Ban on alcohol was enforced by Zulfiqar Ali Bhutto, himself an unrepentant boozer, in the 70s, but it never came in the way of jolly good boozers cherishing it, of course not without a ceremony of a sort to accompany its consumption. But no more, ever since the long arm of the judiciary put a stop to the laissez faire in the second decade of this second millennium, sending the prices of many top quality alcohols out of the reach of the less afluents who per force have to use cheaper brands being bandied by the bootleggers.

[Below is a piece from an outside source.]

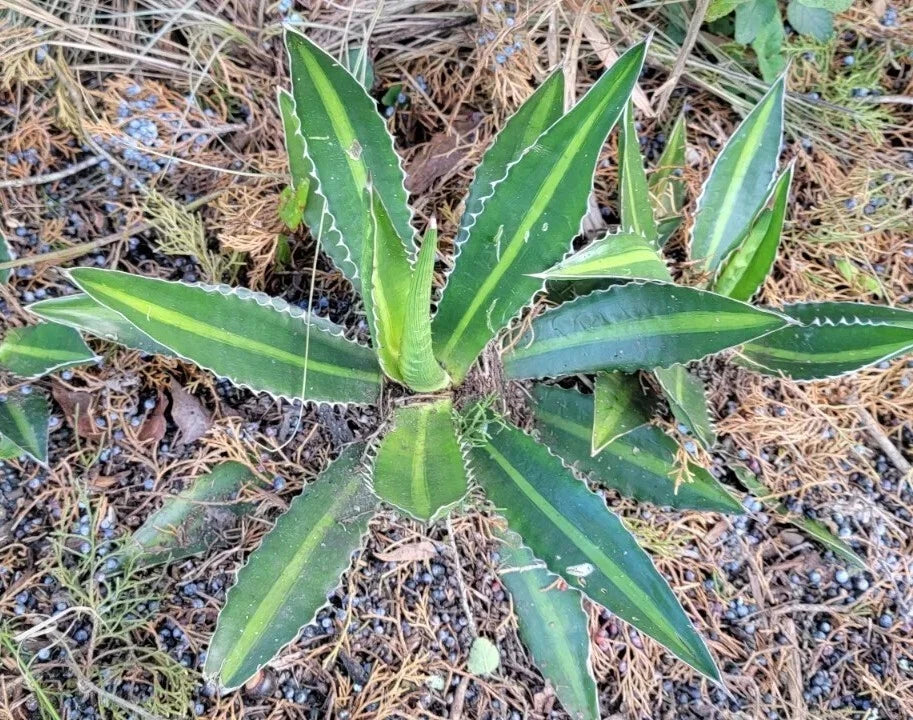 Variegated Agave Lophantha 'Splendida' 12-14" Center Stripe Leaves - Drought Tolerant Indoor Outdoor Plant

But with such measures all manners of decent manners also appear to have been flung out of the windows by those who refuse to be otherwise bullied into stopping to drink to their heart's content. It is now up to our legislators to ensure that no law ought to be enacted that forces the people into abandoning respect for etiquettes and manners that one would previously find being observed tenaciously.
All that one comes across these days is a wretched friend in need of a draft or two to calm his nerves. A used water bottle containing vodka comes out of a cellar, if the space between the two sofas in the living can be bestowed with such a dignity! 'What can I do, brother bringing it all the way from Islamabad is fraught with many pitfalls,' one hears a complaint in a lugubrious voice.

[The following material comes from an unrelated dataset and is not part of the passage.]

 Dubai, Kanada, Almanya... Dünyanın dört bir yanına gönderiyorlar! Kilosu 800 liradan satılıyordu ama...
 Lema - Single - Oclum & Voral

It's not really easy not empathizing in such moments of sadness especially when one has seen and experienced better times. May her soul rest in peace, our English friend Maureen Lines wouldn't compromise on any of the itty bittys attached to raising a glass to our mutual cheerfulness. Though living a lonely life before she was obliterated from our presence by the Ides of March in the year 2016, Maureen's servant knew too well which drink to serve in which glass from a bottle held in a napkin. Pray, is it too much asking for English manners in the Khyber Pakhtunkhwa, the backwaters of the whole world?

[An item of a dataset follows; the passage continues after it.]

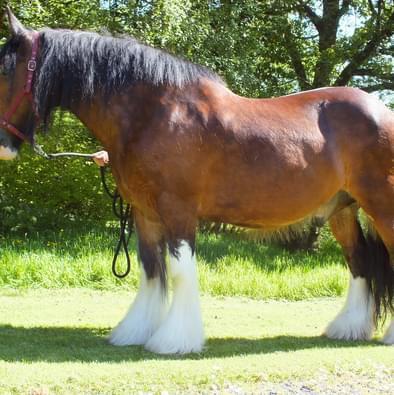 Image 2 of Stunning shire horse for long term loan available- non ridde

One shouldn't drink, if the spirit doesn't induce some little bit of temerity. There was once that jolly old man in an otherwise repressive corner of Bannu whose name translated into something like 'praise God.' What a wonderful little man he was! He used to painstakingly ferment his own whisky which he swore was better than any found on the planet as it attracted servicemen from the faraway posts. One could literally testify for such a tall claim. 'How dare they,' the frail-looking man from Bannu curtly replied when once asked if none of his eight sons minded him brewing whisky round the clock in the ante room of his guesthouse.
We live in times where we don't let people drink in their livings with some little freedom while we see people all around us in the bazaars and on the roads and railway tracks smoking and injecting heroine in their beings with aplomb, and we don't seem to mind a wee bit? Why is there so little liberty in this country and such a plenitude of hypocrisy in this excruciating existence?